Migrant workers
An overhanging sword
Foreigners make up 60% of workforce; imagine the trouble if a serious downturn hits with a big loss of jobs. By Seah Chiang Nee

(Synopsis: Forbes writer believes this ‘migrant workers bubble’ could pop if Singapore's  finance and construction (property) are badly hit.)

DESPITE improved government efforts, Singapore and its people are still paying a heavy price for having too many migrant workers.

Even as it sped up the building of more flats and shortened applicant queues, two other problems related to overcrowding have popped up.

They had been around for some time but resurfaced with a bang in the first few days of 2014.

The first was reports that government hospitals had to place beds along the corridors and in a large tent to house excess patients.

Some sick outpatients also had to wait for months for a consultation date with specialists.

The 800-bed Changi General Hospital, for example, had to put patients in a big air-conditioned tent.

The larger Tan Tock Seng Hospital (1,200 beds) had to set up beds along corridors next to overfilled wards.

There were just too many patients. It is not known how long this emergency situation will last.

Other public hospitals with similar shortages were reported to have rented facilities from private or community hospitals.

“Every day, we have to make decisions regarding our 500 patients. Those who are not so sick are discharged to make way for the 50 to 60 patients waiting for a bed,” a manager was quoted as saying.

At Changi Hospital, a patient was quoted as saying: “There was no shower room and I couldn’t bathe for two days.”

A letter writer commented: “The corridor scenes packed with beds look like a war zone.”

These reports surprised many people, who were repeatedly told by leaders that Singapore was a top First World country.

They also learned that Mass Rapid Transit trains had broken down on several occasions.

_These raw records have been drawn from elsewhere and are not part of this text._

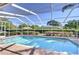Relaxing screened-in pool area features a clear blue pool and a brick paver surround for outdoor enjoyment at 4904 Breyer Wood Ct, Valrico, FL 33596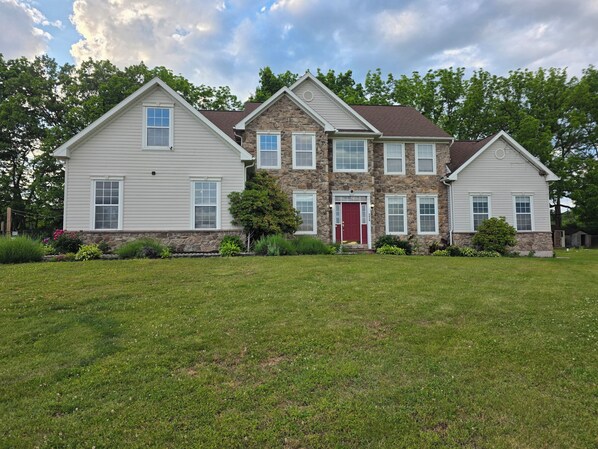 A two-story house with a stone facade and a red door. - 5,000 SqFt Country Retreat: Sleeps the Whole Family, Pool & Spa (Mohnton)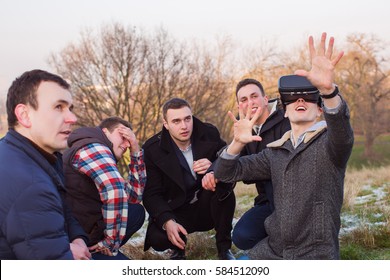 Man Wearing Virtual Reality Goggles. Group Of People Having Fun Outdoor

Free bus rides had to be provided to irate passengers.

One commentator said: “So far, the root cause has not been addressed – overloading. The system built for three million now handles 5.4 million.”

These mishaps heralded a bigger problem on the opening day of Singapore’s biggest, most expensive highway.

It links roads from the Central Business District to the East Coast, a crucial, busy artery that is heavily used by motorists.

As soon as it began operations on a Monday morning, the Marina Bay Expressway – the city’s widest, most expensive (S$4.5bil) highway – became a traffic trap.

Many cars were stuck for hours.

A taxi passenger who wanted a smoother ride was caught in the nightmare for over two hours. “My fare came to S$74.60.”

The traffic improved on subsequent days. It was still heavy but without the gridlock, mainly because some of the motorists used alternate routes.

Transport Minister Lui Tuck Yew said: “Things will be clearer in two to three weeks.”

The population has grown by about 25% or 1.2 million people in the last 10 years. In addition, some 15 million tourists arrive every year.

The huge foreign influx was not matched by the building of more public services, especially in housing, transport and healthcare.

The resultant public anger led to an unprecedented apology in 2011 from Prime Minister Lee Hsien Loong with a promise to do better.

The expressway fiasco, however, unfairly masks the government’s earlier achievements in developing the city’s infrastructure like airports, harbours and reservoirs.

These also include highways and roads the authorities had considered important for economic growth.

But the subsequent mass arrival of immigrants has created new shortages and overcrowding in almost every public service.

Forbes magazine last week described Singapore as having, among other problems, “a population bubble”.

Some 36% of people here are foreig­n workers who came mostly for the money. If the jobs were to disappear, the vast majority would leave.

In perspective, the government began reducing the flow in recent years. Although more are still coming, the numbers are fewer.

It has reportedly created a manpower shortage, raising complaints from small and medium-sized companies.

Hardly a day passes without an employer lamenting lost sales because of the shortage.

A government White Paper calling for a 6.9-million population by 2030 is believed to be on the table for implementation.

Proponents for importing more foreigners mainly base their arguments on economic and demogra­phic grounds, with very little focus on the social impact.

In fact, their large presence – ranging from skilled professionals to construction workers – is raising increasing concerns about potential friction.

After experiencing its first mass riot in four decades, some critics have warned that this overhanging threat could worsen.

By 2030, nearly half the population will be foreigners.

On Jan 13, Forbes ran a controversial article titled “Why Singapore’s economy is heading for an Iceland-style meltdown” (Iceland failed spectacularly in 2008).

It gave a highly pessimistic forecast of the economy, red-hot property market, high household debts and the “migrant workers bubble”.

The writer Jesse Colombo said that each of these factors has built up its own bubble.

As interest rates move up, he warned, these bubbles could burst in a few years, dragging down the economy.

The Monetary Authority of Singa­pore quickly refuted that the country is facing a credit bubble.

Most professionals I talked to said the report was too pessimistic and a crisis is unlikely.

I will not go into details, but the writer added that if bubbles in financial services and construction (proper­ty) pop, so will the “migrant workers bubble”.

If that really takes place, managing an orderly outflow will be a tough act.